> The task
All entries are to be quoted exactly; the images stay out of the copy.

(Data shown begins)

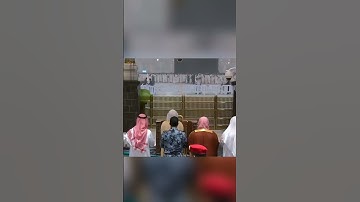 "تلاوة مؤثرة للشيخ #ياسر_الدوسري مع هطول الأمطار على الكعبة المشرفة 🌧️ | انظر إلى آثار رحمت الله"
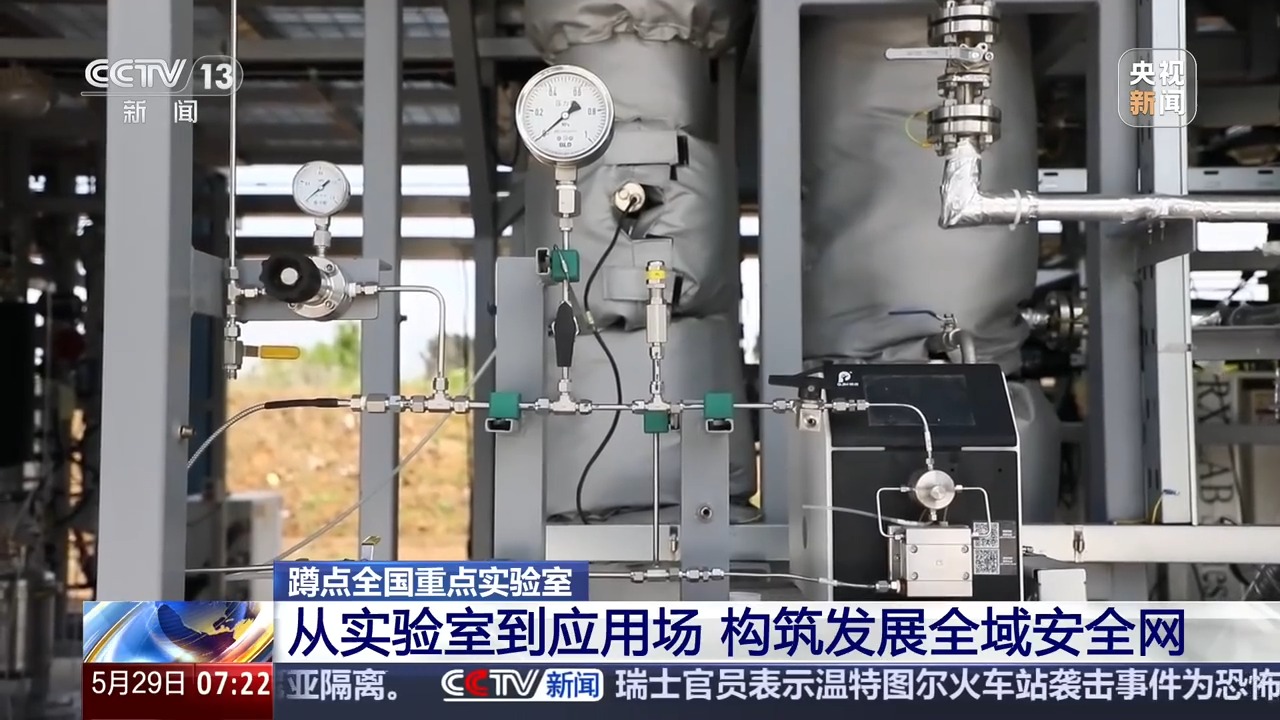 视频丨鸡蛋涂上“秘密涂料”高空坠落竟不碎？揭秘氢能安全极限试炼场 - 图12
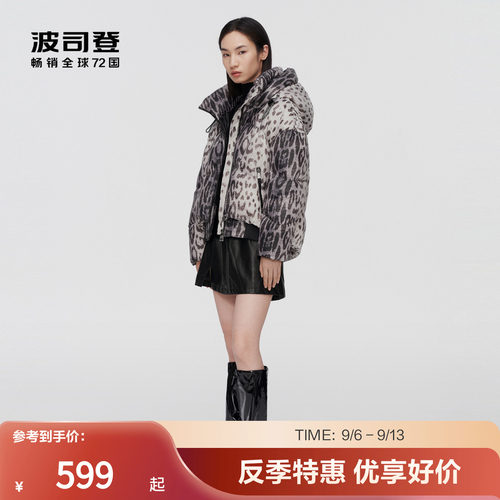 波司登奥莱泡芙大廓形羽绒服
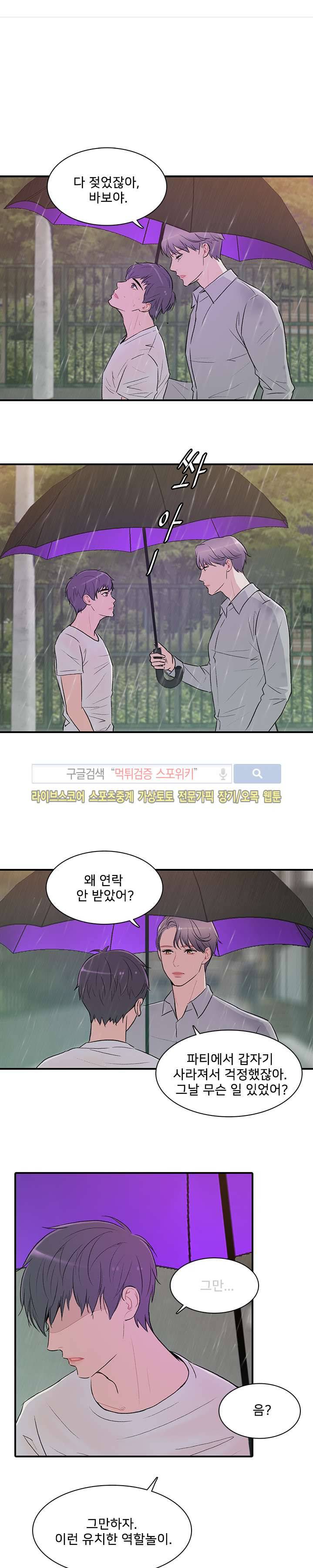 사랑의 묘약 11화 1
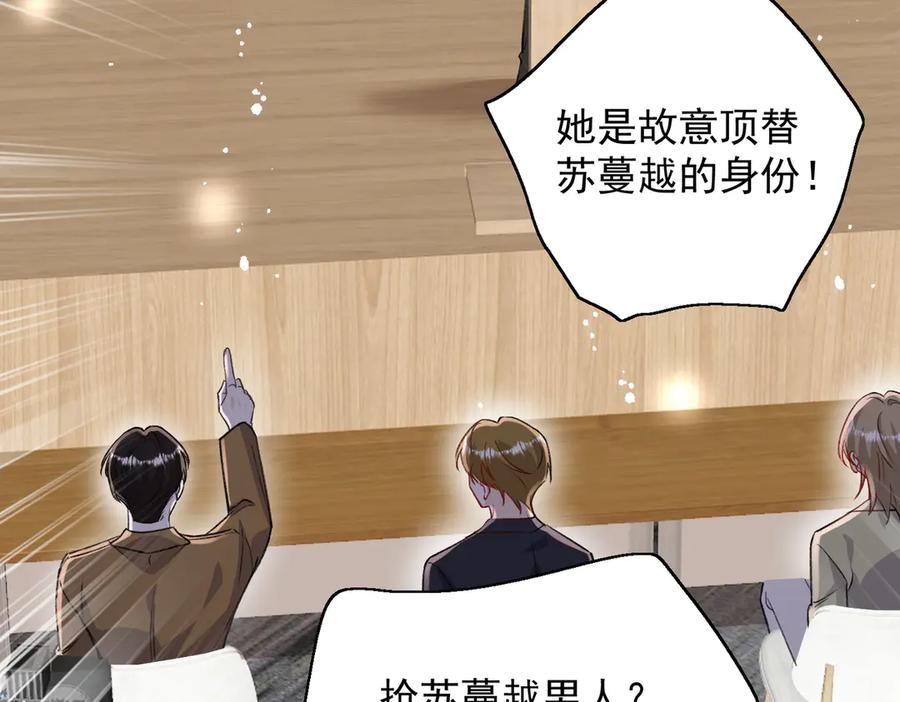 折腰 第113话 我会为你报仇的 第80页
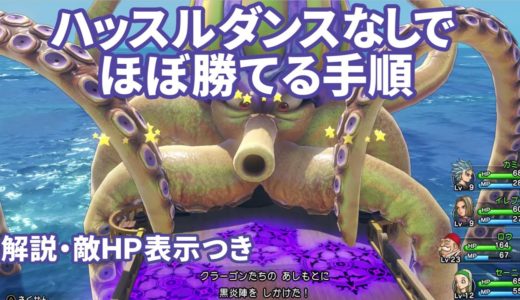 クラーゴン　全ての敵が強い&低Lv 　種・蘇生なし【DQ11S】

(Data shown ends)

> The completed task
 "تلاوة مؤثرة للشيخ #ياسر_الدوسري مع هطول الأمطار على الكعبة المشرفة 🌧️ | انظر إلى آثار رحمت الله"
 视频丨鸡蛋涂上“秘密涂料”高空坠落竟不碎？揭秘氢能安全极限试炼场 - 图12
 波司登奥莱泡芙大廓形羽绒服
 사랑의 묘약 11화 1
 折腰 第113话 我会为你报仇的 第80页
 クラーゴン　全ての敵が強い&低Lv 　種・蘇生なし【DQ11S】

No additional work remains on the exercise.